Adventurous, risk-taking bartenders are starting to infuse their cocktails with savory deliciousness. Here, six umami cocktails from bars across the country.
You probably already know about umami, which can essentially be defined as yumminess. You'll experience this somewhat mysterious taste in extremely delicious foods such as mushrooms, cured meats and oysters, but aside from the Bloody Mary (whose tomato base is packed with umami-saturated amino acids), cocktail culture has been largely devoid of the fifth taste until now. Adventurous, risk-taking bartenders are starting to infuse their cocktails with savory deliciousness. Here, six umami cocktails from bars across the country.
The Drink: Vegan Sacrifice
Umami Factor: Cured meats and raw beef
At Bryan Voltaggio’s Range in Washington, DC, bartender Dane Nakamura has created a wondrous thing called “meat ice.” To make it, Nakamura combines San Marzano tomato water with trimmings of cured meats, raw beef and vegetables, Old Bay, bay leaves and a mirepoix of carrots, onion and celery in a pressure cooker.
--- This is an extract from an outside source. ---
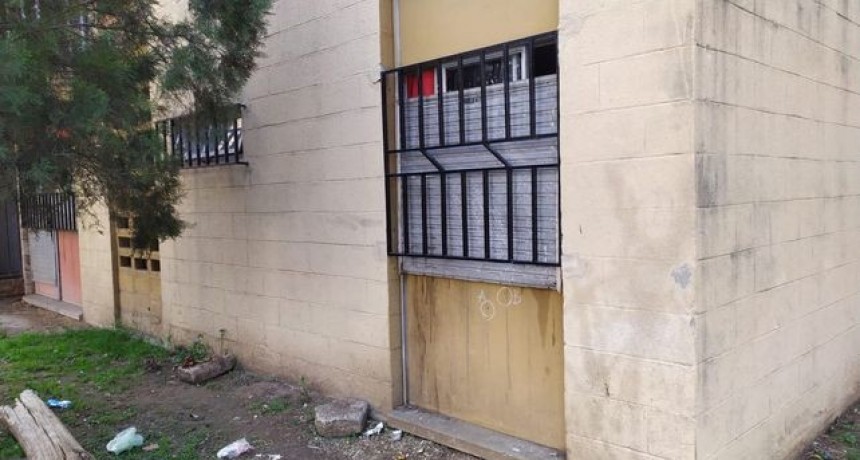 Adolescente herida en ataque dirigido a la familia de su novio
He cools and clarifies the stock, adds egg whites and a splash of pig’s blood for good measure, then freezes the mixture. The ice is used in the Vegan Sacrifice, a spicy, smoky cocktail made with Scotch, ginger ale and cayenne. As the ice melts, the cocktail becomes more and more savory.
The Drink: Whickle Back
The Umami Factor: Kombu
Served at Plan Check’s Downtown L.A. location, the Whickle Back puts an Asian spin on the classic pickleback shot. Chef Ernesto Uchimura infuses pickle brine with kombu, a type of seaweed often used in Japanese dashi. The salty, sour, savory brine is served as a chaser with a shot of Jameson Black.
The Drink: Natto Soju
Umami Factor: Natto
For the uninitiated, natto is a Japanese dish of gooey, slimy, fermented soybeans. Pungently flavored, it’s a love-it-or-hate-it food—mostly because of the off-putting texture. But at Roy Choi’s POT in L.A.’s Koreatown, the natto-curious can experience the flavor without risking the slime in the Natto Soju. Bartender Matthew Biancaniello infuses soju with natto for about a week before straining it out. What’s left is a nutty, almost caramel-flavored spirit, which Biancaniello shakes with muddled cucumber and shiso, lemon juice, agave syrup and Aperol. Strained into a coupe, the cocktail is a balanced mix of bitter, sweet, sour and umami.
The Drink: Severed Anchor
Umami Factor: Bonito flakes
Along with kombu, bonito flakes (dried, fermented and shaved tuna) are the main ingredient in dashi. At Neta in New York City, bartenders use it to infuse smoky Suntory Hakushu Japanese whiskey for the Severed Anchor cocktail. To make the drink, bartenders mix the infused whiskey with Bushmills and Tenryo Hidohomare sake. Slightly fishy, nutty and boozy, the cocktail is garnished with a flower made of bonito flakes.
The Drink: A Dirty Decision
Umami Factor: Mushroom and black garlic
There’s a double dose of umami in A Dirty Decision, served at San Francisco’s Dirty Habit. First, there’s the chanterelle-infused amontillado sherry. Then, there’s a black garlic tincture. Also in the stirred, chest-warming cocktail: Noilly Prat Ambre vermouth and orange bitters.
The Drink: Black Gold
Umami Factor: Black truffle
For an ultra-luxe cocktail, bartenders at NYC’s Analogue macerate black truffles in a honey thyme syrup for a day and a half before using the aromatic syrup in the Black Gold cocktail, which also includes lemon juice, Green Chartreuse, hazelnut liqueur and egg white.